EXERCISE REQUIREMENTS: In the entries below, find the line with "a person cutting", then set it down exactly along with each line after it to the end, skipping any pictures.

MATERIALS PROVIDED:

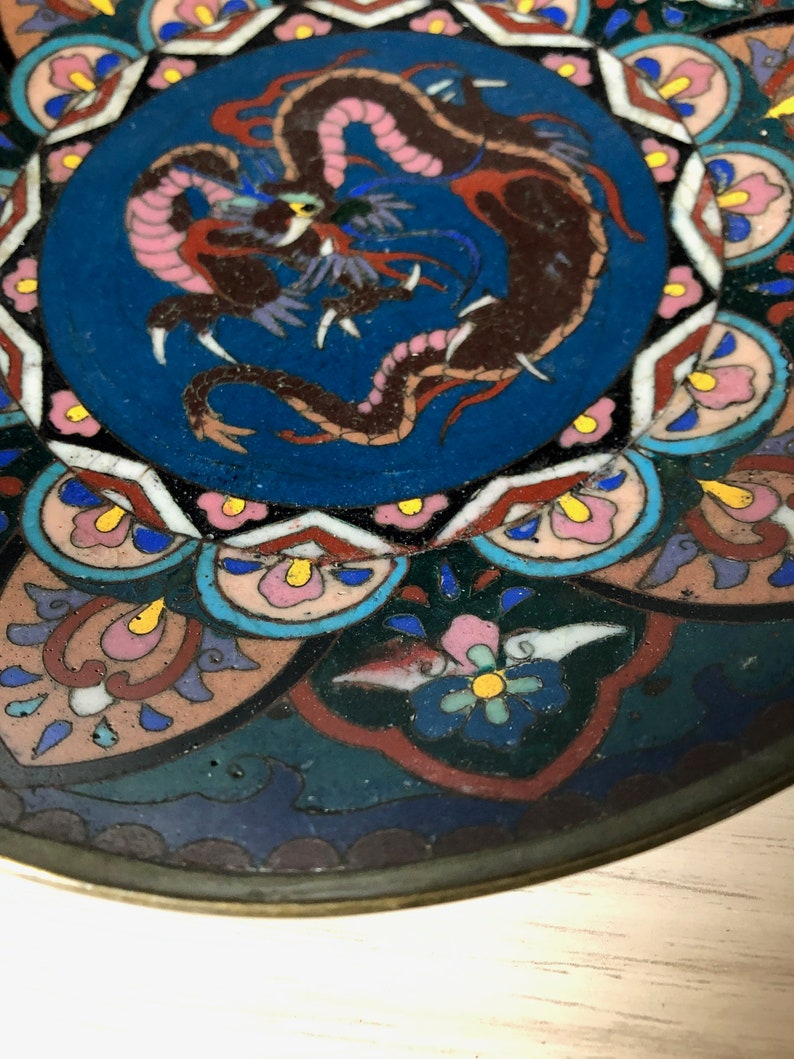 May include: A round, blue and white ceramic plate with a colorful dragon design in the center. The plate has a decorative border of flowers and geometric shapes.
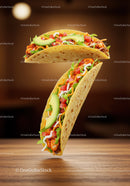Fresh tacos with avocado and colorful fillings on table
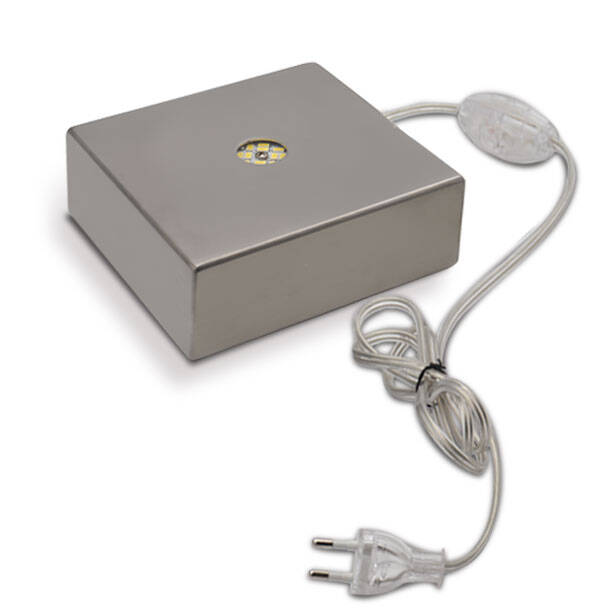 This image shows a product packaging with a corded electrical device. The package appears to be for an Alessandro Mandruzzato item, which is likely related to the Murano glass industry in Venice, Italy, given the context provided. However, there's no visible glassware or lamp that typically represents the famous Venetian glass artisans. Instead, it seems like we are looking at a device that might be used for creating or working with Murano glass, but without further information, its exact function remains unclear. The packaging is predominantly silver and has a small logo on top, which suggests a branded product.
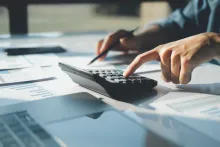 Accountant using calculator to calculate finance report in office.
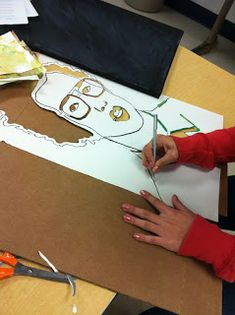 a person cutting out a paper face on top of a cardboard box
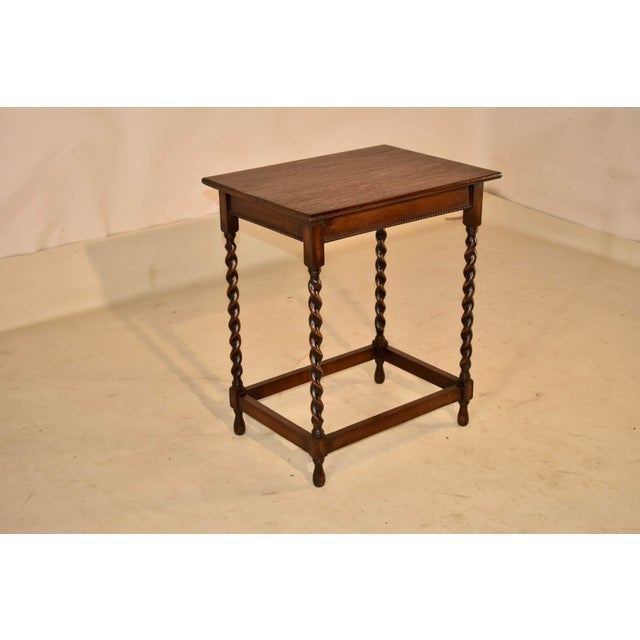 Period Edwardian oak side table from England, circa 1900. This oak side table is a lovely piece with a nicely figured top...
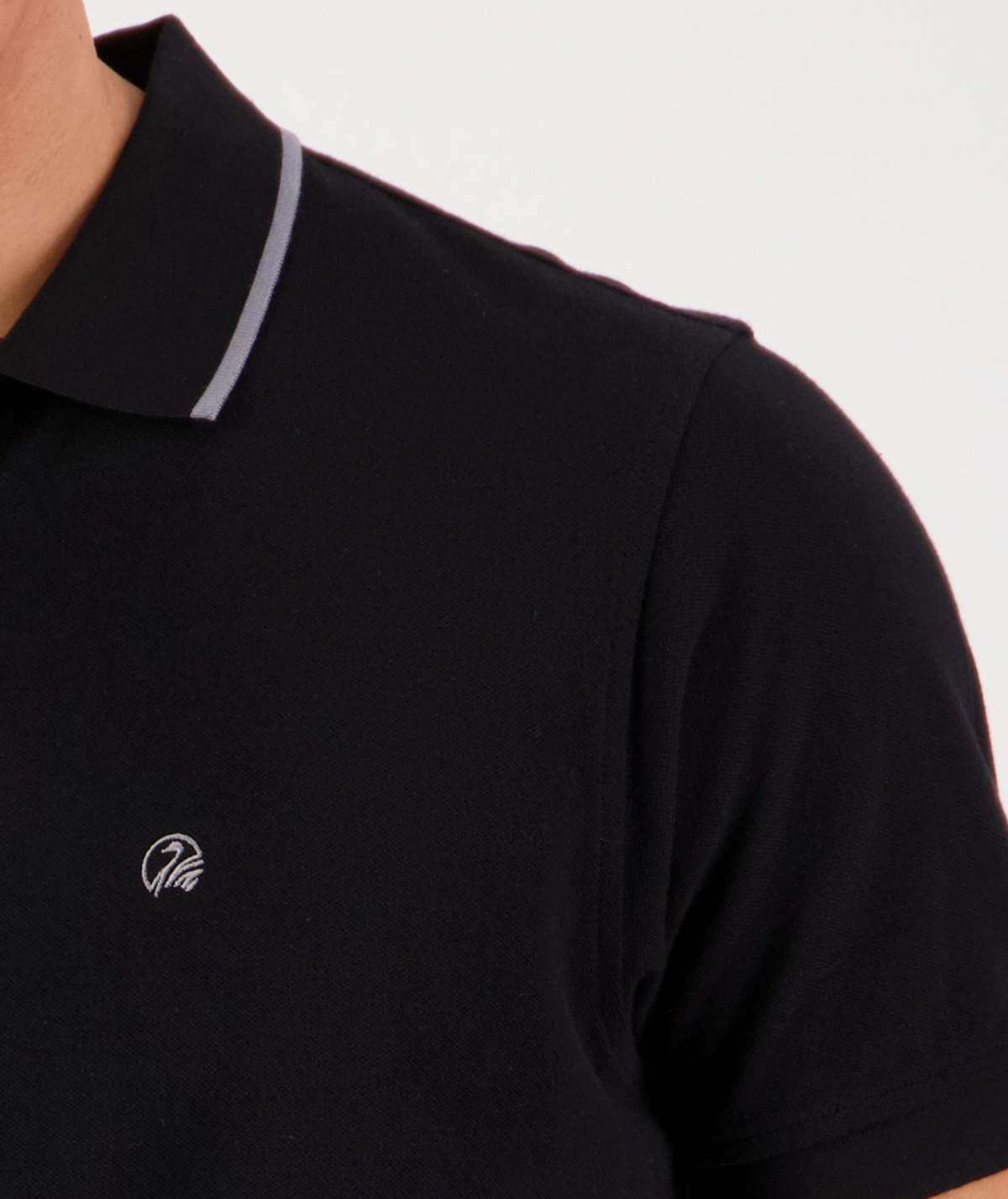 Close-up of a person wearing the Swanndri Pinehurst Polo, made from 100% cotton, with a thin light gray stripe on the collar and a small white embroidered logo on the chest. The background is plain white.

EXERCISE RESPONSE:
 a person cutting out a paper face on top of a cardboard box
 Period Edwardian oak side table from England, circa 1900. This oak side table is a lovely piece with a nicely figured top...
 Close-up of a person wearing the Swanndri Pinehurst Polo, made from 100% cotton, with a thin light gray stripe on the collar and a small white embroidered logo on the chest. The background is plain white.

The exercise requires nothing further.